## Entries supplied
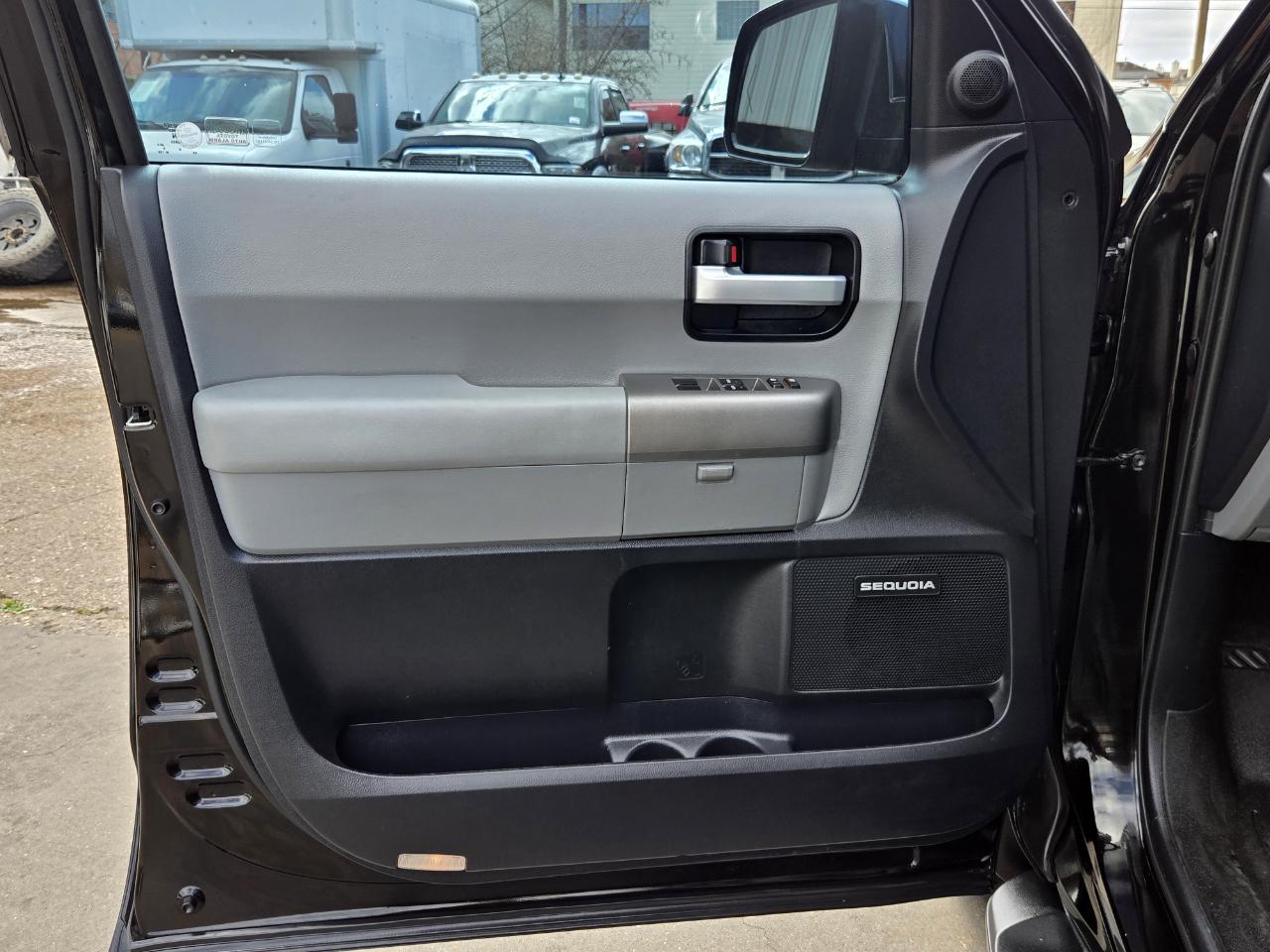 Toyota Sequoia  2016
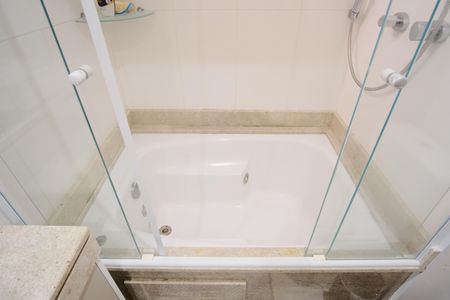 Apartamento para alugar com 180m², 4 quartos e 3 vagasBanheiro da Suíte 1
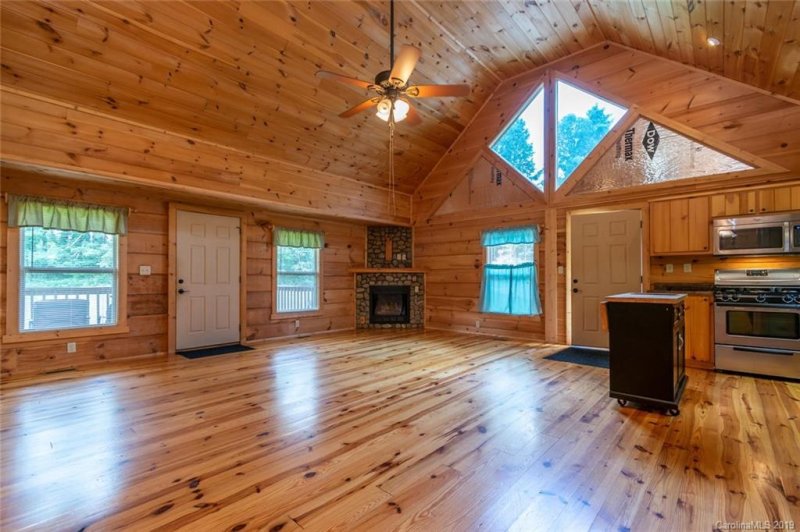 Property image 4 at 207 Oscelake Way, Hendersonville, NC 28739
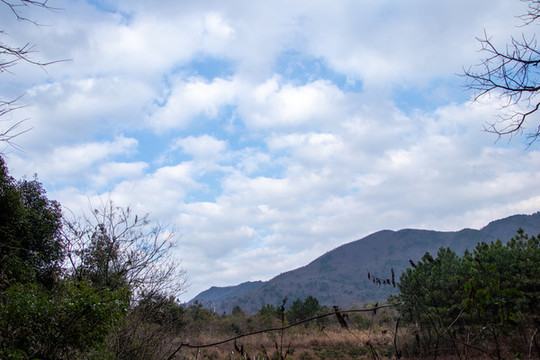 天空山峰白云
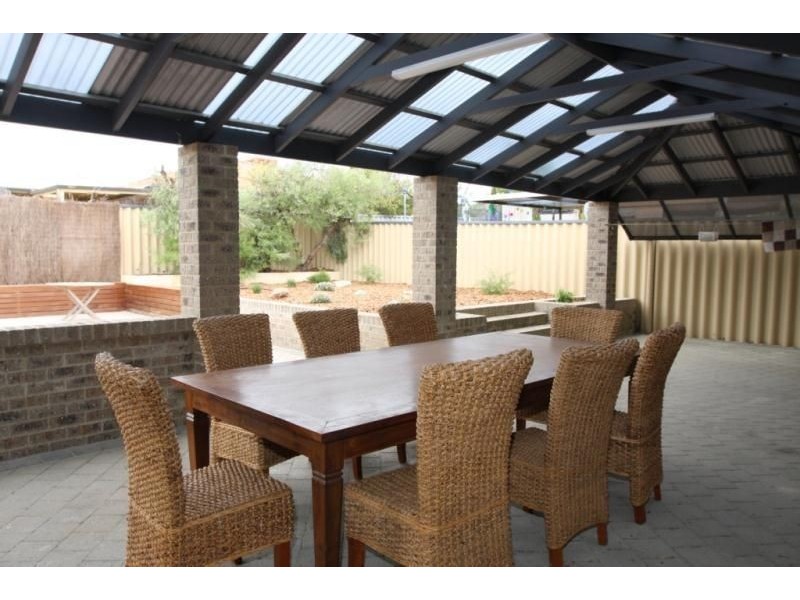 11 Longridge Rise, Quinns Rocks WA 6030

## Aim of the exercise
Copy exactly the lines that run from the line containing "Property image 4" to the end of the data above, keeping both end lines and leaving out all pictures.

## Answer to this problem
 Property image 4 at 207 Oscelake Way, Hendersonville, NC 28739
 天空山峰白云
 11 Longridge Rise, Quinns Rocks WA 6030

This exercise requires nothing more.